Em um cenário de insegurança jurídica criado pelos novos serviços prestados por aplicativos e plataformas online de streaming, é importante que os contratos a serem celebrados sejam detalhados e evitem menções genéricas tais como "serviço educacional".

quarta-feira, 19 de setembro de 2018

Atualizado em 24 de setembro de 2019 16:41

Os avanços tecnológicos têm desafiado os interpretes do direito, que cada vez mais deparam-se com casos não abrangidos expressamente pelos diplomas legais, exigindo um esforço do ordenamento jurídico em responder aos novos casos que são postos diante dos juristas e trazer segurança às relações empresariais, que tornam-se cada vez mais dinâmicas, com empresários motivados pelo vasto desenvolvimento das mais diversificas startups nos mais variados setores, desde transporte particular de pessoas, locação de imóveis até no setor financeiro.

Campo peculiar diz respeito ao aumento exponencial do ensino online, sendo aquele oferecido por plataformas de streaming e cloud computing de cursos profissionalizantes ou mesmo ensino superior, que passam a utilizar de referidas ferramentas para reduzir seus custos operacionais e oferecer um serviço educacional que atinja um mercado estudantil em escala nacional, independentemente da existência de um local físico no qual existam salas de aula.

Entretanto, interessante que se observe as implicações jurídicas para uma instituição de ensino de ensino que preste seus serviços de forma exclusivamente online e seja inquilina de imóvel.

Aqui, o recorte temático será sob a perspectiva da lei de locações.

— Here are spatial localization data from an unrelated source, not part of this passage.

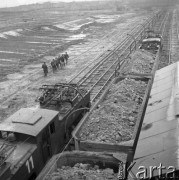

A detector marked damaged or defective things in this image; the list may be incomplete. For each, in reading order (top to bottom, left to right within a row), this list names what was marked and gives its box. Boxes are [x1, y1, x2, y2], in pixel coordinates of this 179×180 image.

rusty metal surface [0, 107, 58, 136]
rusty metal surface [129, 62, 179, 179]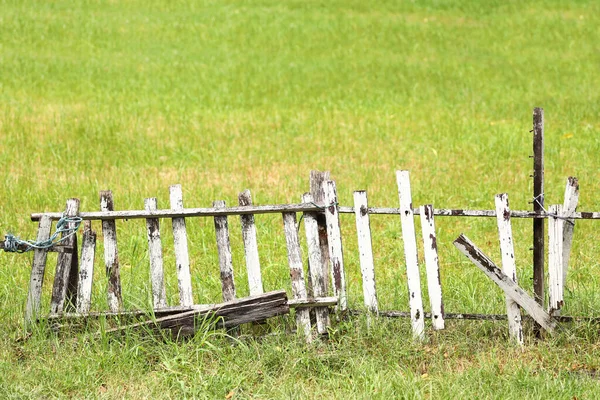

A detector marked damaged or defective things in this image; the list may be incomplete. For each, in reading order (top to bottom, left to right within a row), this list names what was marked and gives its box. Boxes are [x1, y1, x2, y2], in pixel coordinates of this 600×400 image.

white peeling paint on wood [24, 217, 52, 324]
white peeling paint on wood [49, 198, 80, 314]
white peeling paint on wood [77, 220, 96, 314]
white peeling paint on wood [100, 191, 122, 312]
white peeling paint on wood [148, 198, 169, 310]
white peeling paint on wood [170, 184, 193, 306]
white peeling paint on wood [213, 202, 237, 302]
white peeling paint on wood [239, 189, 262, 296]
white peeling paint on wood [282, 212, 312, 340]
white peeling paint on wood [302, 193, 330, 334]
white peeling paint on wood [324, 180, 346, 310]
white peeling paint on wood [354, 189, 378, 314]
white peeling paint on wood [396, 170, 424, 342]
white peeling paint on wood [418, 205, 446, 330]
white peeling paint on wood [454, 233, 556, 332]
white peeling paint on wood [494, 194, 524, 344]
white peeling paint on wood [548, 206, 564, 316]
white peeling paint on wood [560, 177, 580, 286]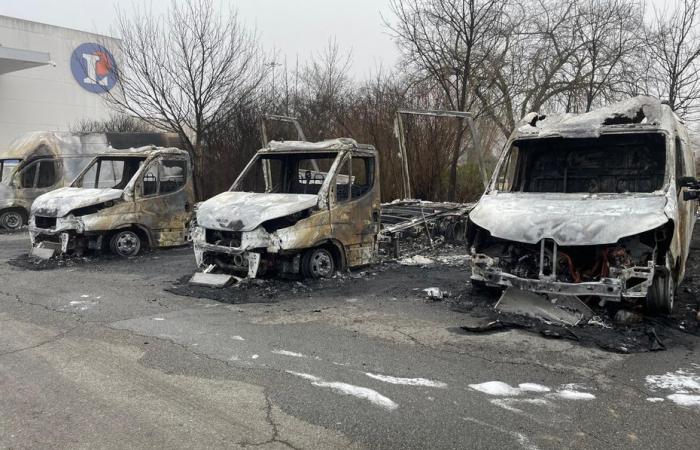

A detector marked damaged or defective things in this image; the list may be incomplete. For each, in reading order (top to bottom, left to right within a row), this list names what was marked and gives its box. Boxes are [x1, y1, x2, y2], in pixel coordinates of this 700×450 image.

destroyed delivery truck [28, 146, 193, 258]
burned-out van [28, 144, 194, 256]
destroyed delivery truck [191, 137, 378, 280]
burned-out van [191, 138, 380, 278]
burned-out van [468, 95, 696, 312]
destroyed delivery truck [468, 96, 696, 312]
cracked asphalt [0, 230, 696, 448]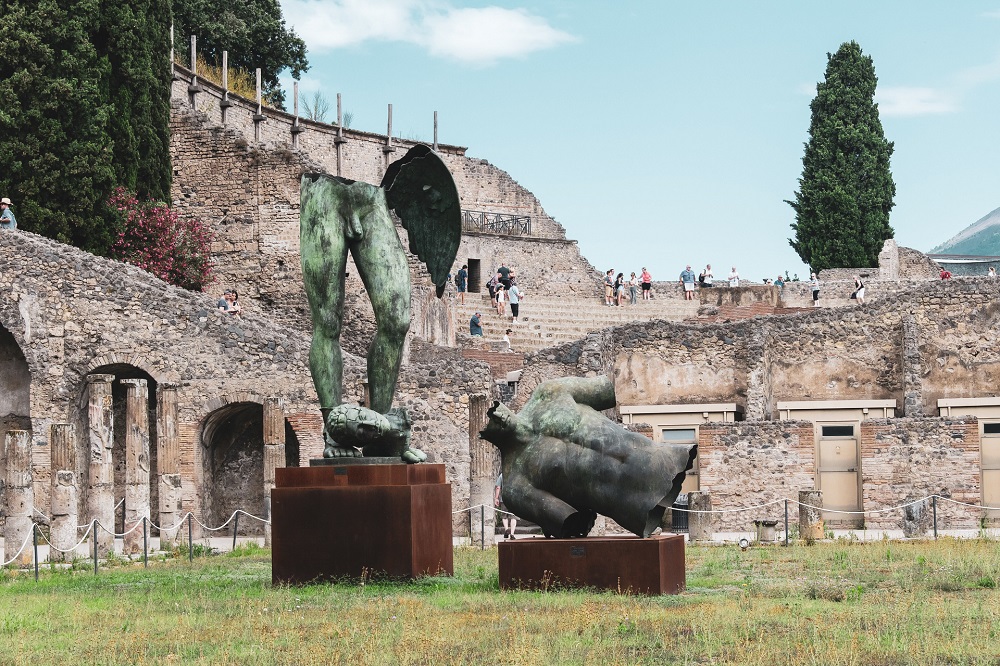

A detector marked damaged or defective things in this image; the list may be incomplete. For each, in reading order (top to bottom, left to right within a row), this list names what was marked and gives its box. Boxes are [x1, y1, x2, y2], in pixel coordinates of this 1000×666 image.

rusted metal pedestal [268, 462, 452, 580]
rusted metal pedestal [496, 532, 684, 592]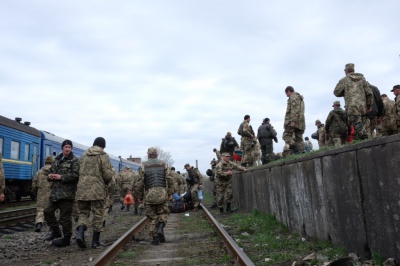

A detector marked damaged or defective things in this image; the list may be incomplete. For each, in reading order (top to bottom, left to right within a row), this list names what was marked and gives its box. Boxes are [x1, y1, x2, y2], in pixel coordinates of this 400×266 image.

rusty rail surface [0, 207, 36, 228]
rusty rail surface [90, 216, 150, 266]
rusty rail surface [202, 205, 255, 264]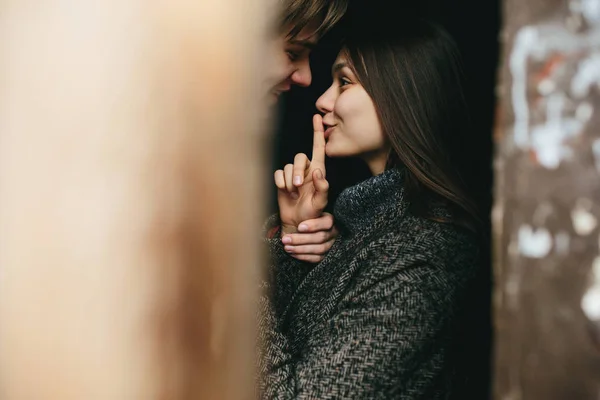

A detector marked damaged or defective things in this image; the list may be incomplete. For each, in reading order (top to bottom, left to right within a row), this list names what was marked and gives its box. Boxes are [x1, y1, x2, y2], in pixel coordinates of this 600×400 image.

peeling paint [516, 223, 552, 258]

As instituições de ensino desfrutam de regime especial originado dos artigos 53 e 63, §3º da lei 8.245/91, o qual restringe as hipóteses de despejo/rescisão de contrato de inquilinos em condições especiais, incluindo nessas condições hospitais, entidades religiosas, asilos, estabelecimentos de saúde:

Art. 53 - Nas locações de imóveis utilizados por hospitais, unidades sanitárias oficiais, asilos, estabelecimentos de saúde e de ensino autorizados e fiscalizados pelo Poder Público, bem como por entidades religiosas devidamente registradas, o contrato somente poderá ser rescindido

Art. 63. Julgada procedente a ação de despejo, o juiz determinará a expedição de mandado de despejo, que conterá o prazo de 30 (trinta) dias para a desocupação voluntária, ressalvado o disposto nos parágrafos seguintes. (.) § 3º Tratando-se de hospitais, repartições públicas, unidades sanitárias oficiais, asilos, estabelecimentos de saúde e de ensino autorizados e fiscalizados pelo Poder Público, bem como por entidades religiosas devidamente registradas, e o despejo for decretado com fundamento no inciso

IV do art. 9º ou no inciso II do art. 53, o prazo será de um ano, exceto no caso em que entre a citação e a sentença de primeira instância houver decorrido mais de um ano, hipótese em que o prazo será de seis meses.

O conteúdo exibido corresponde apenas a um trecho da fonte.